On the centenary of the 1891 New Orleans Crisis and U.S.-Italian war-scare, this authoritative study by Marco Rimanelli and Sheryl L. Postman represents the latest, and most complete and objective socio-politico-literary study of that period. Although long forgotten, this key domestic and diplomatic crisis exposed in a flash of violence all the simmering anti-Italian racial tensions rocking New Orleans and America. Ethnic hostility toward southern Italian immigration and
Mafia criminality exploded in New Orleans with the murder of Police Chief D.C. Hennessy and the lynching by a 20,000-strong mob of 11 imprisoned Italians.

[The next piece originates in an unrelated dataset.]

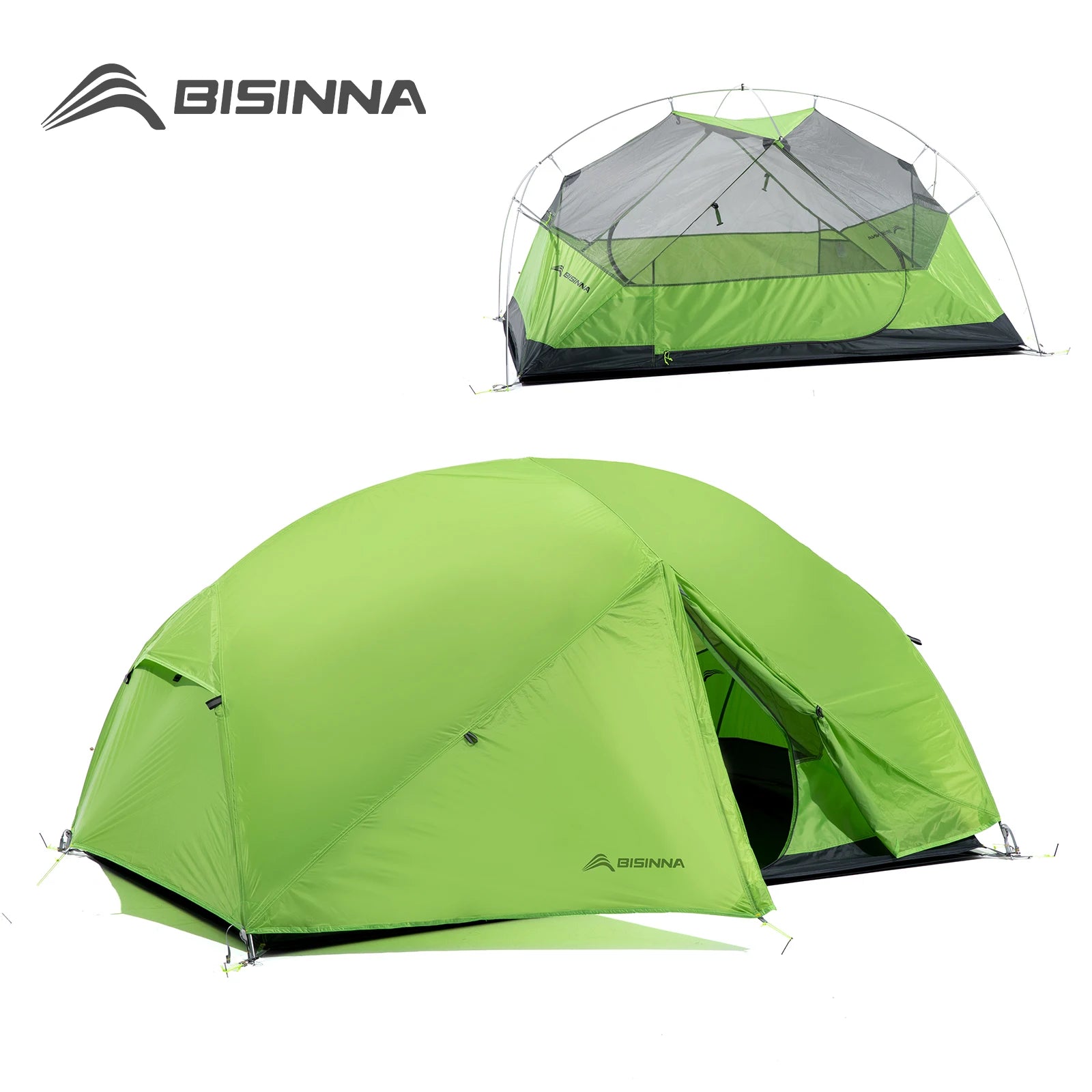 BISINNA Ultralight 2 Person Camping Tent | 20D 380T Nylon Double-Layer Shelter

Far from being spontaneous, the lynching was secretly engineered by Lousiana's establishment in a strategy to exterminate the
Mafia, expropriate the rich Italian tropical fruit trade with Central America, and especially, cajole the independent-minded Italians into joining the White Supremacist front, which disenfranchised Louisiana's Blacks in 1898. Nationally, the lynching split Americans between advocates and opposers of
popular justice and anti-immigration laws. Even more importantly, the New Orleans Lynchings provoked a major international crisis and war-scare with Italy in 1891-92, while promoting at home the long awaited nationalistic
Reunification of North and South against
foreign foes. The U.S. government's refusal to pay reparations until 1892 led Italy to break diplomatic relations, while both governments were trapped in a rigid international confrontation by their own domestic political fragility and collapsing electoral support. Finally America's own defenselessness against Italy's navy (The world's third largest) forced the U.S. to build a new modern navy, which first propelled them to victory in the 1898 Spanish-American War, and later on to global Superpowership.